Seal Island, False Bay Cage Diving
Yes, you may have already guessed but we have finally had the first Great white shark sightings of the season at Seal Island just a few days ago. After an anxious wait it was pure joy to see a great white shark up close around the boat and I know the Apex Crew was just as excited, or perhaps more so, than our guests on board.
So far 3 different Great whites have been recorded around the boat along with a total of 6 predatory events also observed. On one of these events the famous but allusive male shark, Colossus was sighted. This shark is well known for appearing in a number of Air Jaws Discovery Shark Week shows and I know that many of you will be thrilled to hear that he is still around. His size is now estimated at between 4 and 4.5 meters (between 13 and 14 feet) so he is starting to become a heavy-weight shark!
We know it is early days yet but we are thrilled to have a few special large sharky friends around.
In the lead up to the first Great white shark sighting we were consistently having good seven gill cow shark sightings and everyone was enjoying seeing these sharks around the boat and from the cage. One of the large females present was just under 3 meters long, which is just about as big as they can get. We have also had fantastic water visibility at Seal Island which has been awesome for a great cage diving experience.
What is extremely interesting is that apart from the first day of a great white sighting, all the seven gill cow sharks now seem to have completely departed from Seal Island. In the absence of the great whites they filled the gap that was left but now that a shark higher up on the food chain than them has returned it seems they no longer feel comfortable staying in the area.
It constantly amazes me how in tune nature is with everything around them, as well as how fine the balance is that exists in the ecosystem.
To elaborate on this point interesting things have also been happening in the Gansbaai area.
After an absence of 6 months, the great white sharks returned to Gansbaai roughly 2 months ago and the operators here were having fairly good sightings. But in mid-May the notorious shark-eating Orca, Port and Starboard, were spotted moving behind Dyer Island. No great white shark carcasses were found but the day after these two Orca were spotted all Great white sharks vanished after a hasty departure from the Gansbaai area.

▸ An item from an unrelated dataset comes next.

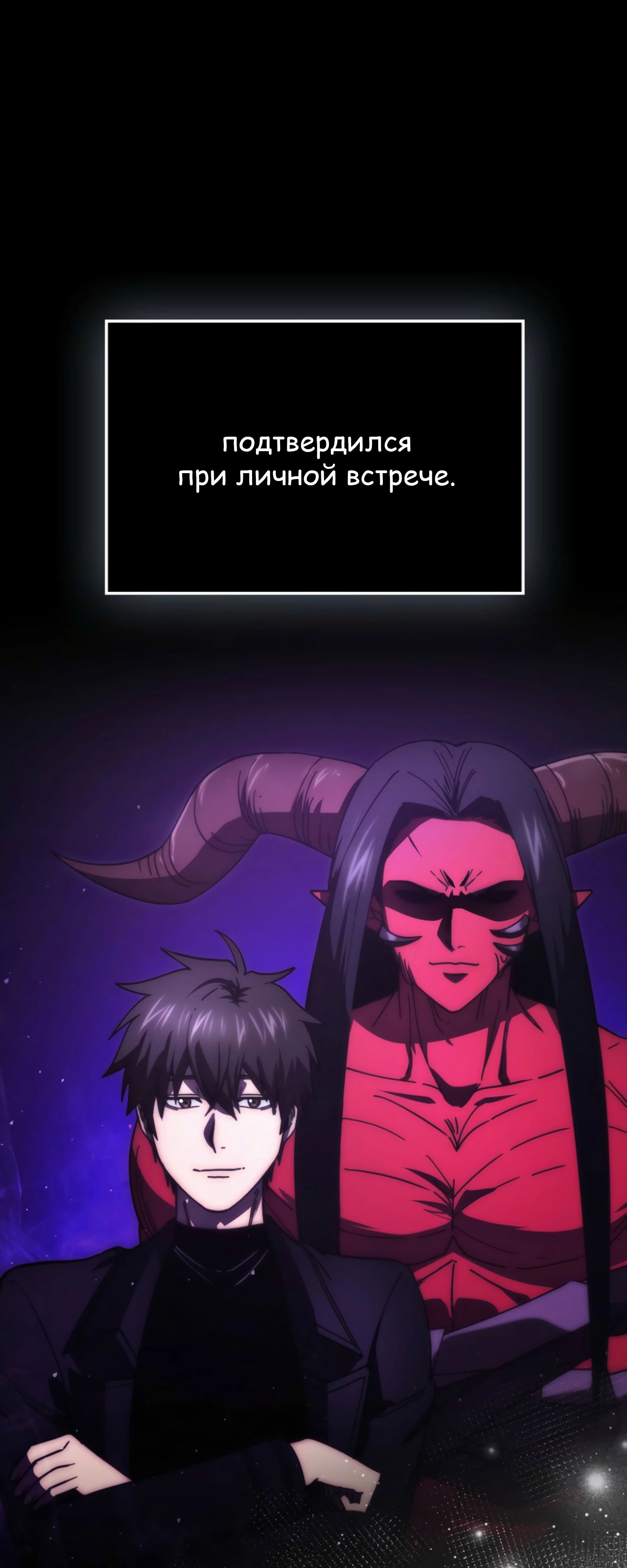 Манга Король Демонов, поднимающий свой уровень боевыми искусствами - Глава 139 Страница 49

We don’t know that any sharks were killed, but it certainly seems that they were aware of the Orcas presence as well as the potentially lethal threat they pose.
The sharks remained missing here for the next 3 weeks and only in the last couple of days have a couple of great whites been seen.
It seems that the presence of Great White sharks along the Southern Cape Coastline is extremely fragile at the moment and after such an abnormal period we can only hope that things settle down and return to relative normality soon.